From the mountains to the plains to the plateaus, Colorado’s people are as diverse as the places they call home.
Colorado Stories is a community-based suite of exhibits with media- and artifact-rich galleries exploring the many ways Coloradans have created community.
In the 1960s and ’70s, Chicano activists fought to end discrimination, secure rights, and gain political and social power through education, culture, and the arts. El Movimiento uses artifacts, photos, archival video footage, and the activists’ own voices to tell about the struggle for labor rights, student activism, the Vietnam War, and more. Community advisers from across the state created El Movimiento with our staff.

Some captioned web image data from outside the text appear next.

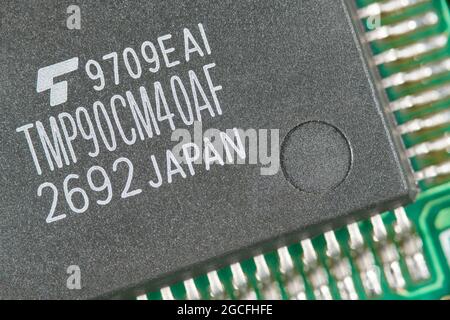 Makroaufnahme eines vermutlich von Toshiba produzierten CMOS 8-Bit-Mikrocontrollers aus Japan. Für den Mangel an Mikrochips, kleine elektronische Teile Stockfoto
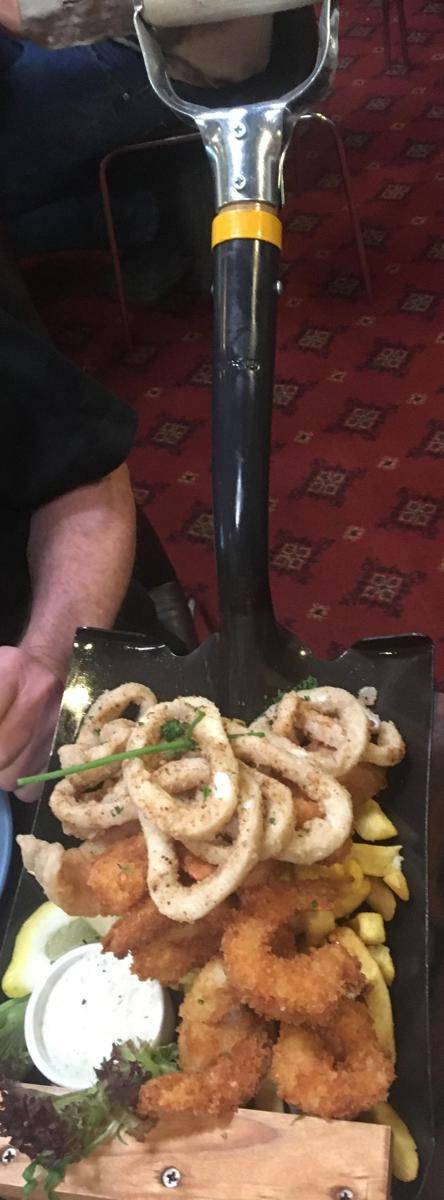potret makanan disajikan di atas sekop (reddit.com/user/MisirterE)
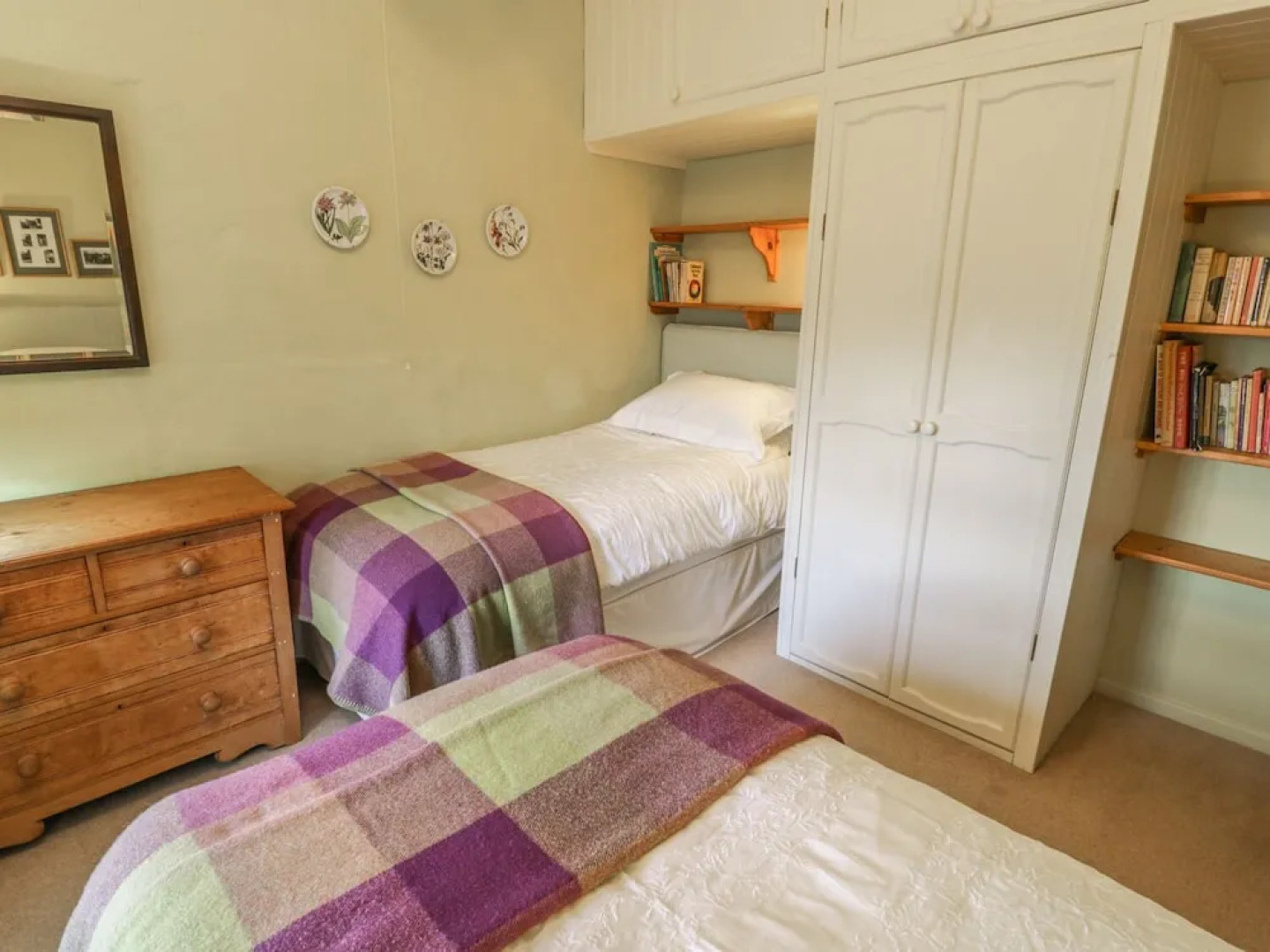 Ynys Pandy, Garndolbenmaen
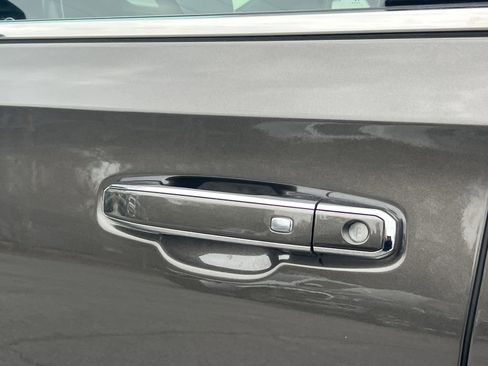 Used 2021 Chevrolet Suburban High Country w/ Premium Package image 36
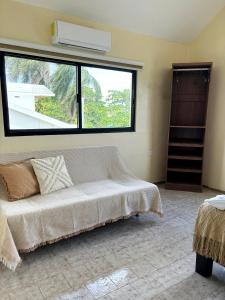 Casa Sirena - Habitaciones a orilla de la Laguna y Cenote Esmeralda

Mountain Haven: Lincoln Hills, 1925–1965
Coloradans love the outdoors. But African Americans were once barred from leisure opportunities most whites took for granted. Explore a Rocky Mountain haven where African Americans could hike, fish, and camp—and leave discrimination behind.
Flip through our Lincoln Hills photo album.
Jumping for Joy: Steamboat Springs, 1915
Mountain men, mail carriers, and miners ranged the Rockies on skis. Pretty soon, people figured out skiing was fun! Norwegian ski champion Carl Howelsen taught Steamboat’s children to fly. Now it’s your turn to make the leap!
Convergence: Bent’s Fort, 1833–1849
Weary Santa Fe Trail travelers cheered when they saw the adobe “Castle on the Plains”—a marketplace like no other. Explore this outpost of trade on Colorado’s Plains through a touch table and archaeological artifacts.
Top of the World: A Silverton Silver Mine, around 1880
Hard-rock mining is hard! In Silverton, miners were mountaineers, gouging ore out of deep snow and steep granite slopes. Do you have what it takes? The shift boss is hiring!
Confined Citizens: The Amache-Granada Relocation Center, 1942–1945
After Pearl Harbor, 120,000 Japanese and Japanese Americans were forced into internment camps—including one in Colorado called “Amache.” Half of Colorado’s newly imprisoned population were children. Two-thirds were American citizens. None was accused of a crime.
Boomtown: Denver, 1860
Our Denver Diorama broke new ground in the 1930s, making History Colorado the first organization in the nation to deploy federal relief funds for projects that employed historians, artists, architects, and craftspeople. Today it continues to depict in detail the emerging town of Denver as it looked in 1860. It features 350 miniature structures: cabins, frame and brick buildings, tents, bridges, outhouses, saloons, hotels, theaters, and an encampment of Arapaho people.